[Directions] Everything in the listing below should be repeated exactly, apart from the pictures.

Data segment section start

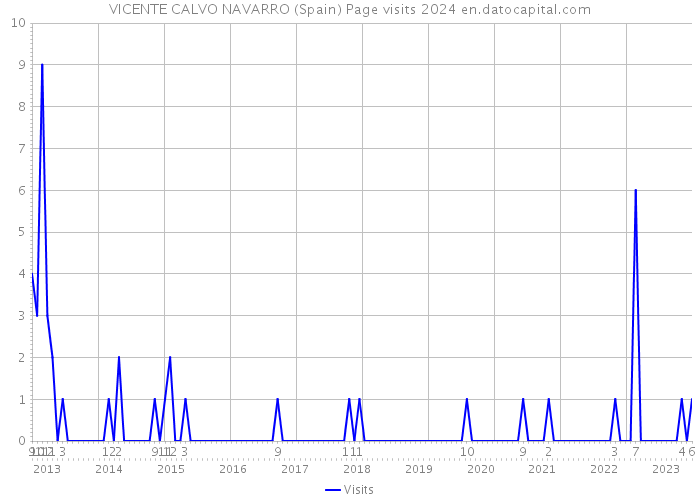 VICENTE CALVO NAVARRO (Spain) Page visits 2024 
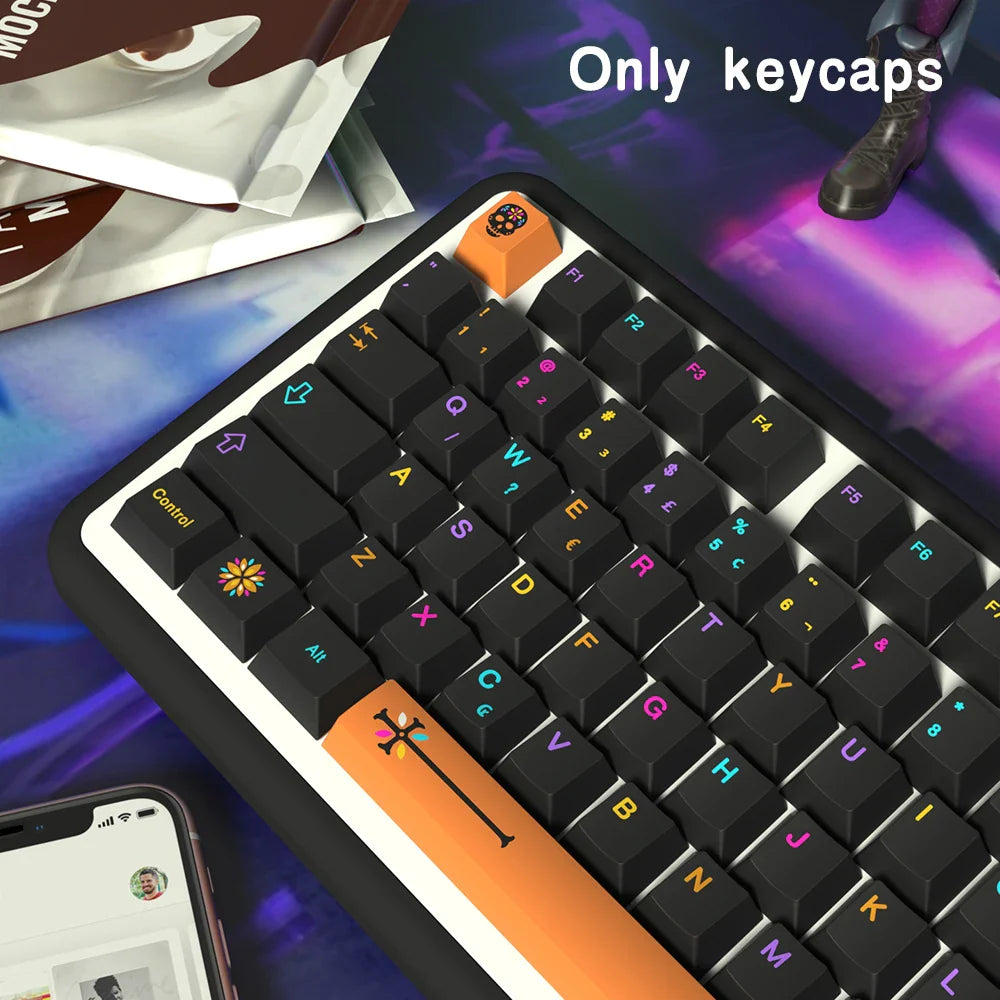 Underground World Keycaps Japanese/Korean/German/Spanish/French Keycap ISO layout Cherry Profile For GMK Mechanical Keyboard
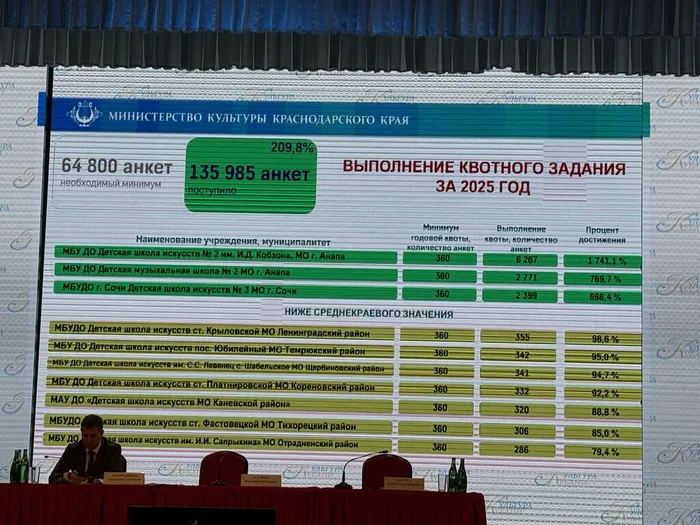 ТАБЛИЦА РЕЗУЛЬТАТОВ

Data segment section end

[Solved exercise]
 VICENTE CALVO NAVARRO (Spain) Page visits 2024 
 Underground World Keycaps Japanese/Korean/German/Spanish/French Keycap ISO layout Cherry Profile For GMK Mechanical Keyboard
 ТАБЛИЦА РЕЗУЛЬТАТОВ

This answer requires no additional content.